When I say that a “cathedral narrative” is one of a manager’s most powerful tools for team building, we should understand that this narrative can take on a multiplicity of forms. What is important to a group is to share stories that remind the members of something more meaningful than their daily tasks.
Much of the literature about high-achieving teams demonstrates that stories of deep purpose are often an underlying motivator, a force that drives the team to extraordinary results. For example, in Organizing Genius, Warren Bennis and Patricia Ward Biederman conclude from their study of great groups that they always “think they are on a mission from God, doing something urgent and monumental.” Heike Bruch and Sumantra Ghoshal, in A bias for action, use a different image, stating that successful groups always feel that they are “slaying dragons and winning princesses.”
The concept of purpose for today’s workers: These days it seems, the press, research, and news reports are replete with stories about the Millennial generation and its search for purpose in the workplace.

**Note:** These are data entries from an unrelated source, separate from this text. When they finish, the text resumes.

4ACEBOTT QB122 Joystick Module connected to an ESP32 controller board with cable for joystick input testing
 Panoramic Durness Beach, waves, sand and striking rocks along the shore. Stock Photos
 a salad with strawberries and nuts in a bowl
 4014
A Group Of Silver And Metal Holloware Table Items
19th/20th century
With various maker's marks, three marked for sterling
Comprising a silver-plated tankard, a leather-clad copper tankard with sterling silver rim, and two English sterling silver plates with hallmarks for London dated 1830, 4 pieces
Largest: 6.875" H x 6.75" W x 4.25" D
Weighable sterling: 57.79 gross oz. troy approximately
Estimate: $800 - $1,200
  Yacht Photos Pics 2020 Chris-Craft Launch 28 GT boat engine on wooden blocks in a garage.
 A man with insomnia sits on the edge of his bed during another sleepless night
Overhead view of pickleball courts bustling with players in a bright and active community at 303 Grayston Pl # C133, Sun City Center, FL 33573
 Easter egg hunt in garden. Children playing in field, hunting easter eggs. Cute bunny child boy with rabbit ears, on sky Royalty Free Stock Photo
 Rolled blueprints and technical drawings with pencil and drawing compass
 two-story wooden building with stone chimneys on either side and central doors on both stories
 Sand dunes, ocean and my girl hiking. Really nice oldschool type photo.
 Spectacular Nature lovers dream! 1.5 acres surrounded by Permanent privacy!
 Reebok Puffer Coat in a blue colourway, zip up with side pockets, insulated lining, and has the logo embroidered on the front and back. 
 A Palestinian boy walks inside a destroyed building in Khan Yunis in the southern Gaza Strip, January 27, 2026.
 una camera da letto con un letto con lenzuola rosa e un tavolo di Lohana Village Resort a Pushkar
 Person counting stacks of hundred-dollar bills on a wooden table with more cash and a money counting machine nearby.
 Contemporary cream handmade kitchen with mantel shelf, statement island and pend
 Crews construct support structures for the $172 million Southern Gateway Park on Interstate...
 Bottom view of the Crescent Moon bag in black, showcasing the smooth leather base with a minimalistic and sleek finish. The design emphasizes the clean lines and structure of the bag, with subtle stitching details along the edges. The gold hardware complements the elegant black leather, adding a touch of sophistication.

For example, a 2011 report conducted by Harris Interactive found that the number one factor that young adults ages 21 to 31 wanted in a successful career was a sense of meaning. Far more than previous generations, young adults today appear to be less focused on financial success than they are on making a difference.
Of course, meaning is not an easy concept to manage in a group, as it may signify different things to different people. However, research is increasingly showing that its overriding feature appears to be connection to something bigger than the self. People who lead meaningful lives feel connected to others, to their work, and to a life purpose.
The trend of workers seeking meaning in the workplace presents both challenges and opportunities for managers. Particularly in organizations whose daily work is neither glamorous nor world-changing, the challenge is to find the images that will inspire employees. It would be unrealistic and naive to claim that every group’s tasks can be reframed in ways that make workers feel that they are building cathedrals, slaying dragons or putting their dent in the universe.
At the same time, people’s search for meaning in their work provides a fascinating opportunity for middle managers. While I certainly admit that not every job can be redefined as a quest for greatness or far-reaching change, I firmly believe that any kind of work can be reframed to help the participants view it with an increased sense of importance and purpose.
As managers, one of our most important tasks is crafting the stories that give people a sense of doing something more meaningful than their daily grind. When we are successful at doing that, we are on the road to improving the low levels of employee engagement around the world.